(Captioned web images)

-*-

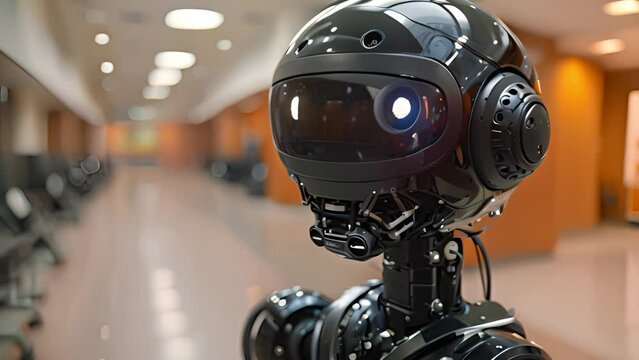 Cybernetic movement: Dynamic robot animation in action.
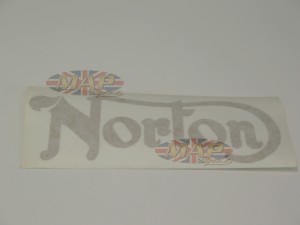 DECAL/  NORTON  TANK/ GOLD 06-4880
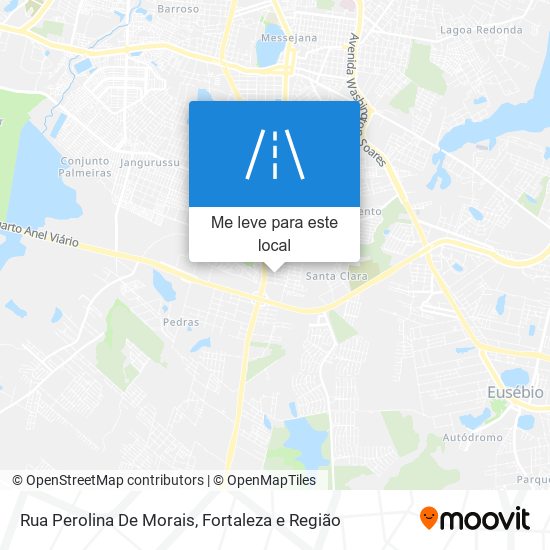 Rua Perolina De Morais mapa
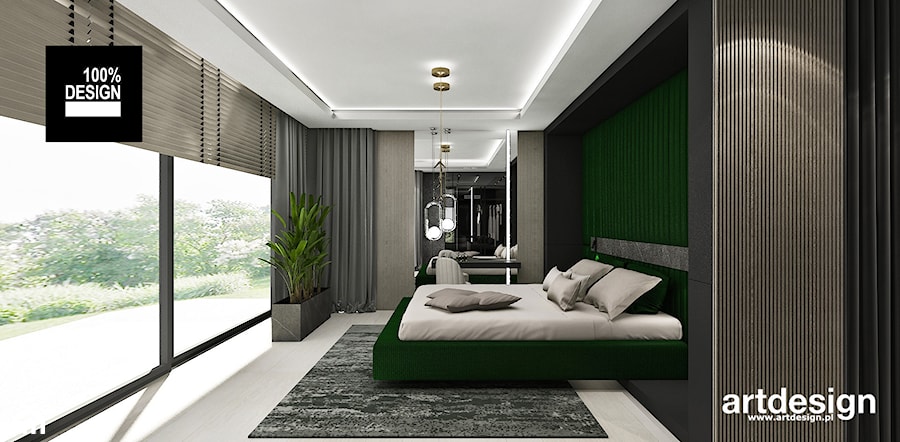 Nowoczesna aranżacja sypialni - zdjęcie od ARTDESIGN architektura wnętrz
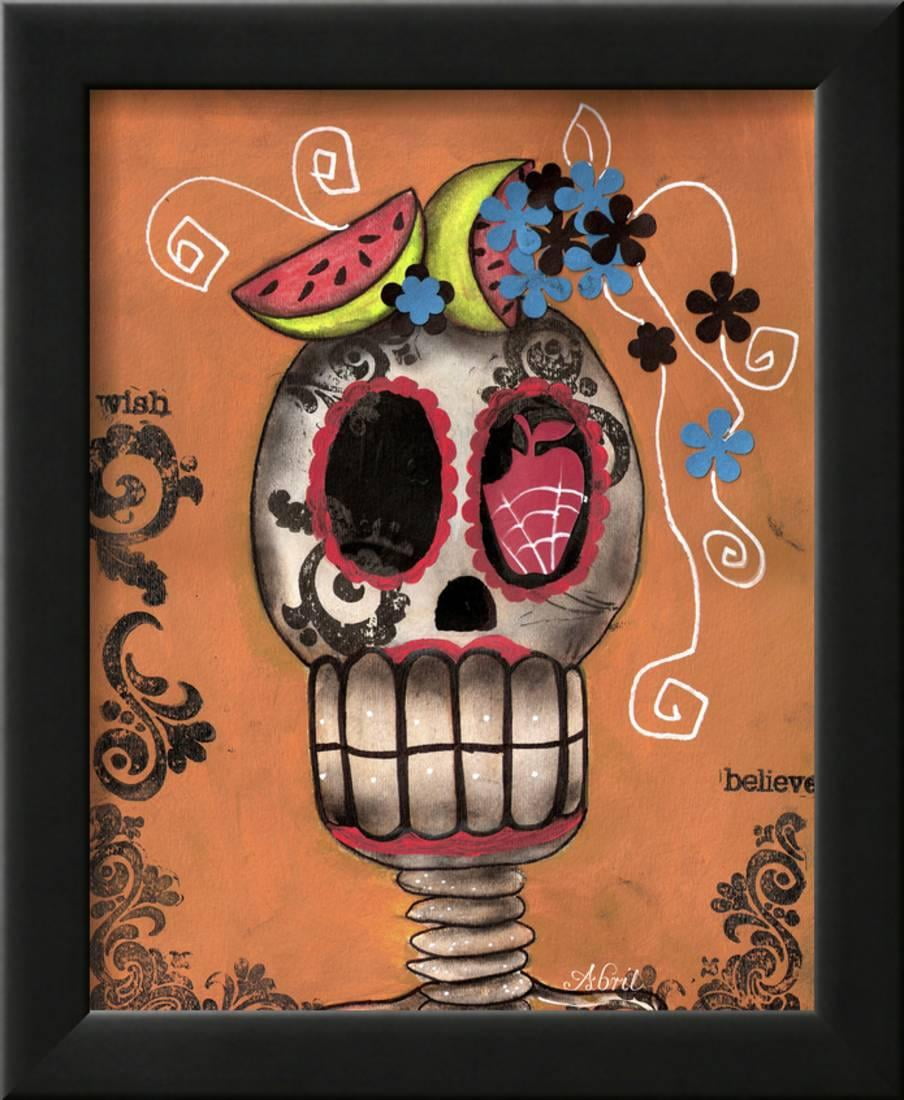 Day Of The Dead Watermelon Framed Print Wall Art By Abril Andrade Day Of The Dead Watermelon Framed Print Wall Art By Abril Andrade Com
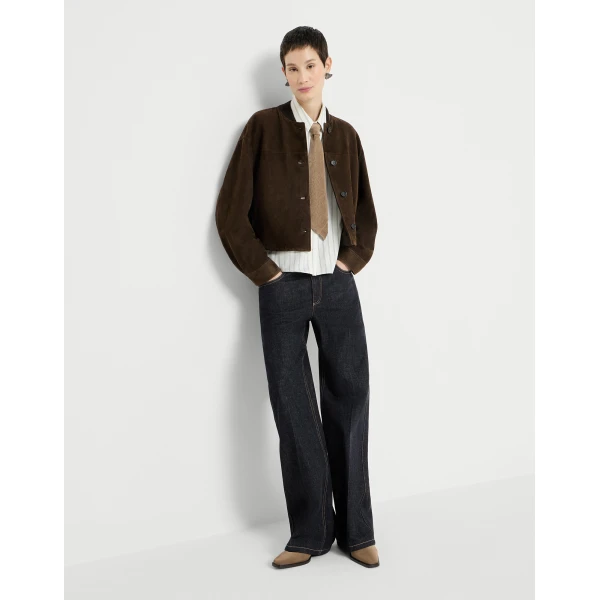 Contemporary trousers in Dark Denim - Image 5
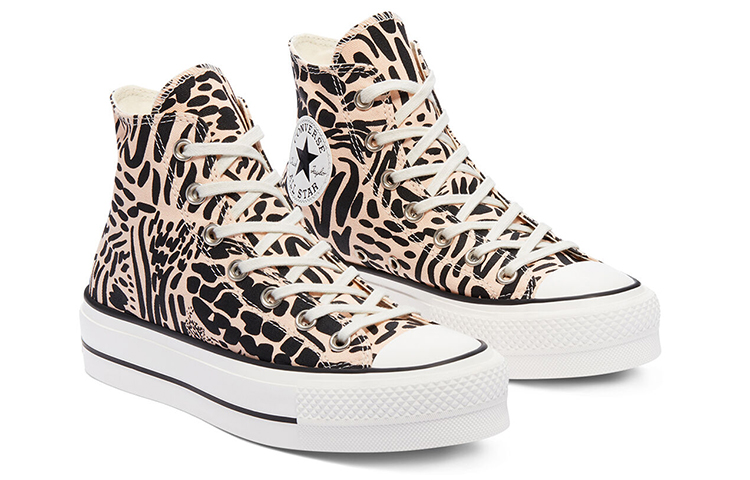 Кеды Converse Chuck Taylor All Star Hi (бежево-черные) — фото 3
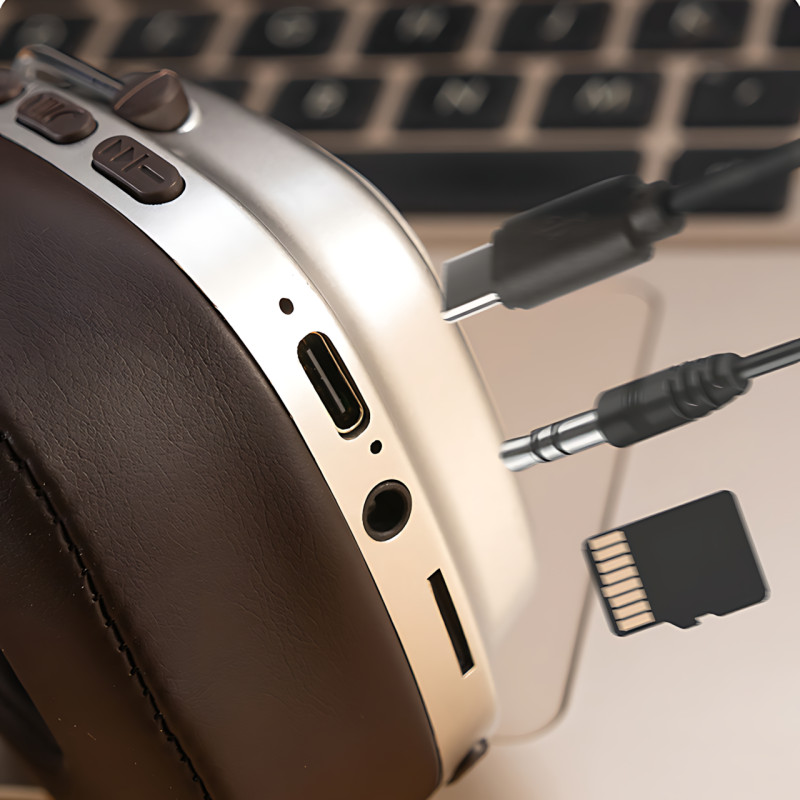 Навушники Marshall MDR BT: Bluetooth 5.1, 80+ годин роботи, бездротове заряджання, мікрофон, 40 мм, чорний фото - 6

-*-

* _Problem requirements_:
Reproduce exactly the lines that run from the line holding "Rua Perolina De Morais mapa" through the final line of the entries, and omit every picture.

* _Output for this task_:
 Rua Perolina De Morais mapa
 Nowoczesna aranżacja sypialni - zdjęcie od ARTDESIGN architektura wnętrz
 Day Of The Dead Watermelon Framed Print Wall Art By Abril Andrade Day Of The Dead Watermelon Framed Print Wall Art By Abril Andrade Com
 Contemporary trousers in Dark Denim - Image 5
 Кеды Converse Chuck Taylor All Star Hi (бежево-черные) — фото 3
 Навушники Marshall MDR BT: Bluetooth 5.1, 80+ годин роботи, бездротове заряджання, мікрофон, 40 мм, чорний фото - 6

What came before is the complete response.